**What is expected**
The reply should hold nothing except the lines from the one with "429 Hardwood Trail, Mesquite, TX 75150 - #1" through the end of the entries, duplicated exactly and with no pictures.

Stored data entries
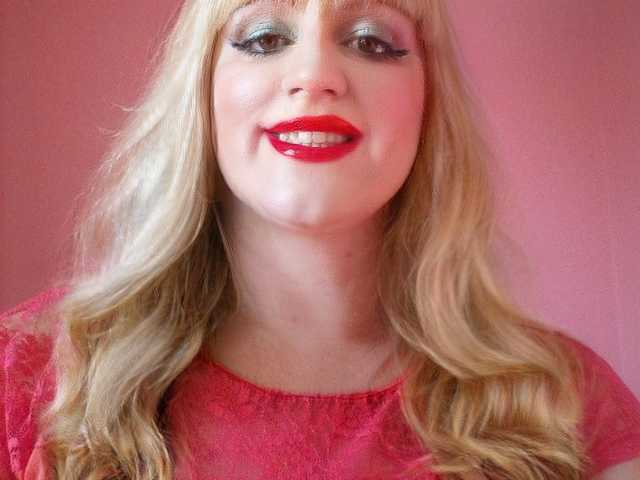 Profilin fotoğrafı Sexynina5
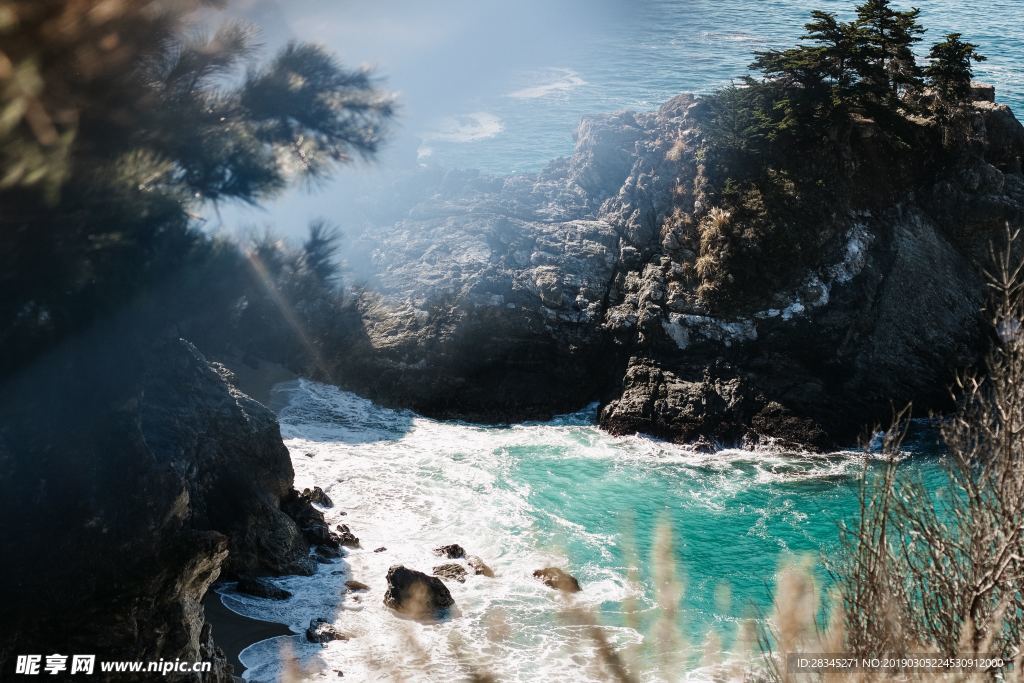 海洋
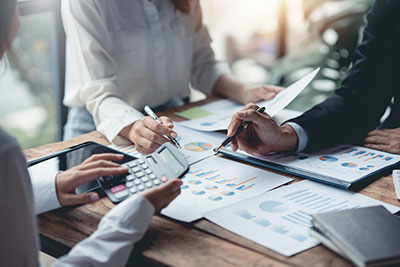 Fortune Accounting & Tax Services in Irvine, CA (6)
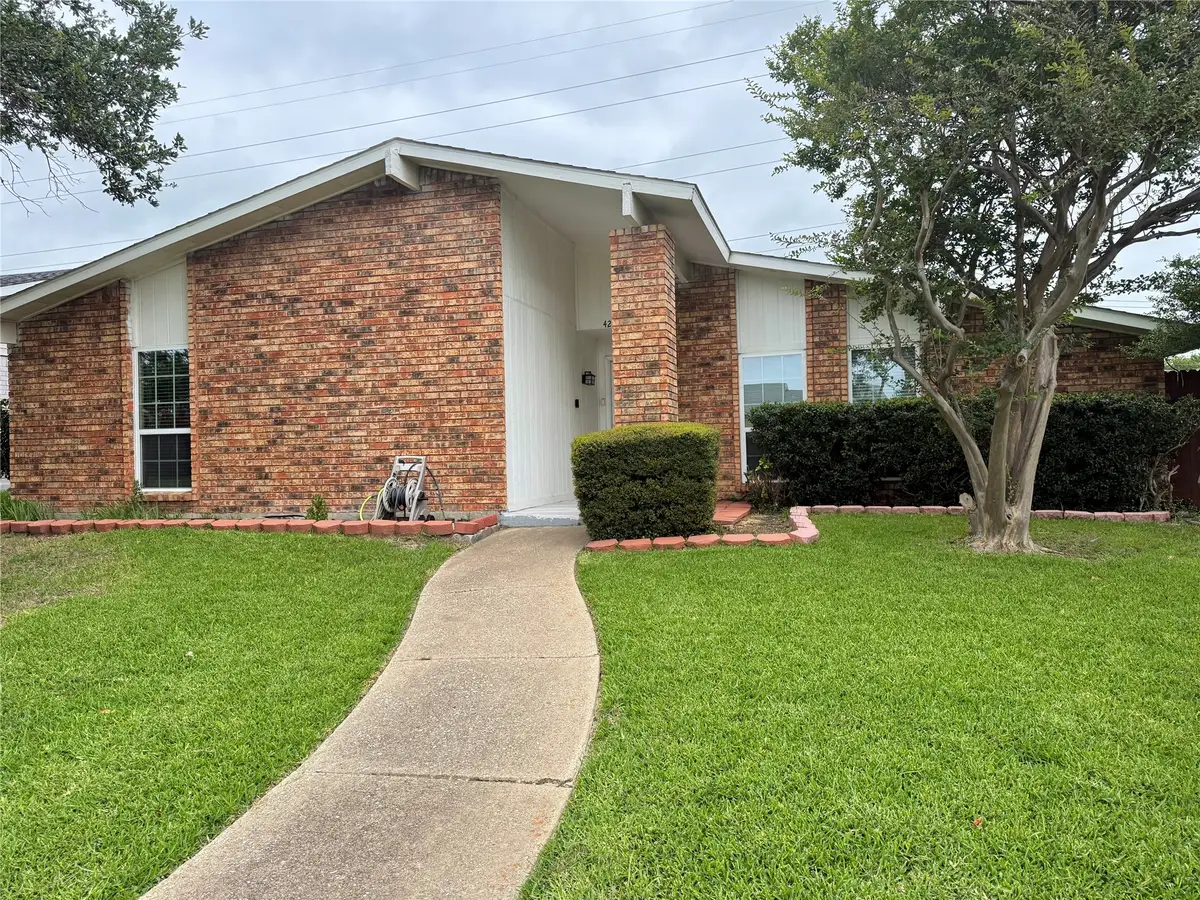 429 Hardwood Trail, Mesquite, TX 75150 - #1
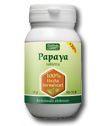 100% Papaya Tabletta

**Written answer**
 429 Hardwood Trail, Mesquite, TX 75150 - #1
 100% Papaya Tabletta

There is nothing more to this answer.